Macintosh security specialists, Intego on Thursday issued a security warning to its customers for the first Trojan horse to affect Mac OS X. Dubbed MP3Concept (MP3Virus.Gen), the Trojan horse exploits a weakness in Mac OS X where applications can appear to be other types of files, according to the company.
Intego told MacCentral today that the code is hidden in the ID3 tag of the MP3 file. The code will only activate when clicked, but once it is, Intego warns the Trojan horse has the potential to delete all of a user’s personal files; send an e-mail message containing a copy of itself to other users; and infect other MP3, JPEG, GIF or QuickTime files.

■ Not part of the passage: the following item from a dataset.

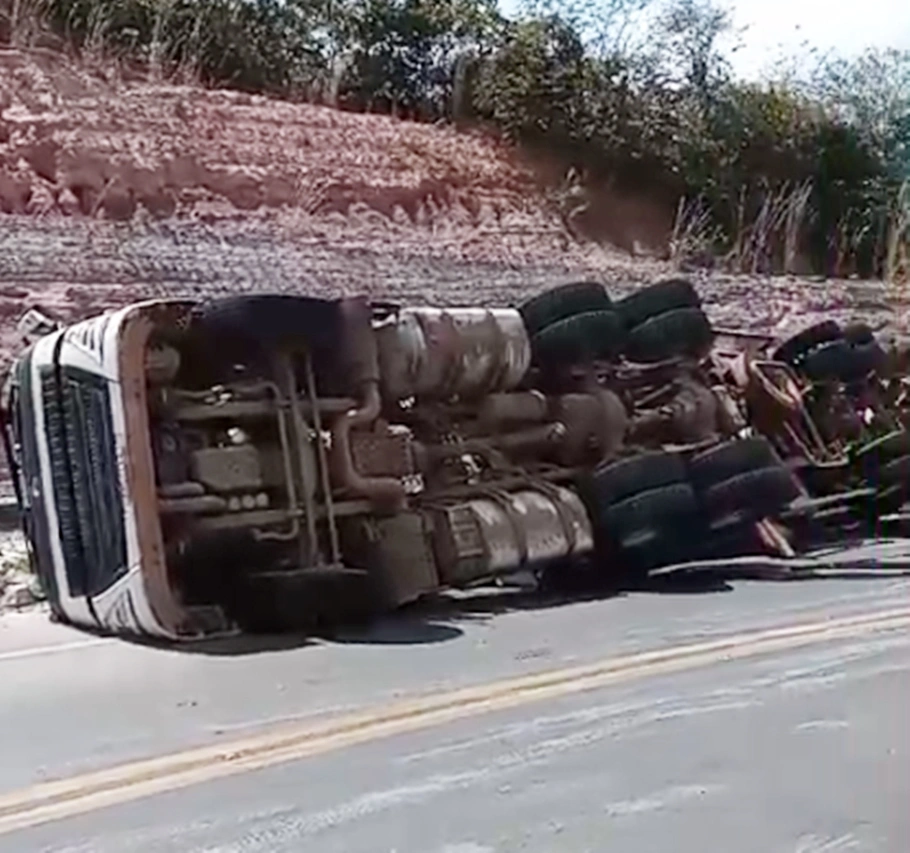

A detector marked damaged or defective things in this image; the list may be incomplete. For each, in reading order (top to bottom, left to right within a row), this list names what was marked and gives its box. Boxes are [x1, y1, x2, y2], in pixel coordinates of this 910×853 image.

overturned truck [0, 282, 900, 640]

Intego also said that the same technique could be used to infect .jpg or .gif files, although no such cases have been found. Intego has released updated virus definitions to combat the Trojan horse.
Symantec Corp. said they were aware of the Trojan, but noted that the virus has not been found in the “wild.”
“Symantec Security Response is aware of the MP3Virus.Gen Trojan,” a spokesperson from Symantec Security Response, told MacCentral. “It is a proof of concept Trojan that does affect the Mac platform, however it is currently not present in the wild. Symantec Security Response will continue to closely monitor this and any other potential threats to the Mac OS X platform.”
Since this story was first posted, Apple responded by saying they were aware of the issue and were investigating.
Update: This story has been updated with information from Symantec Corp. Update 2: Updated the story with information about Apple’s response.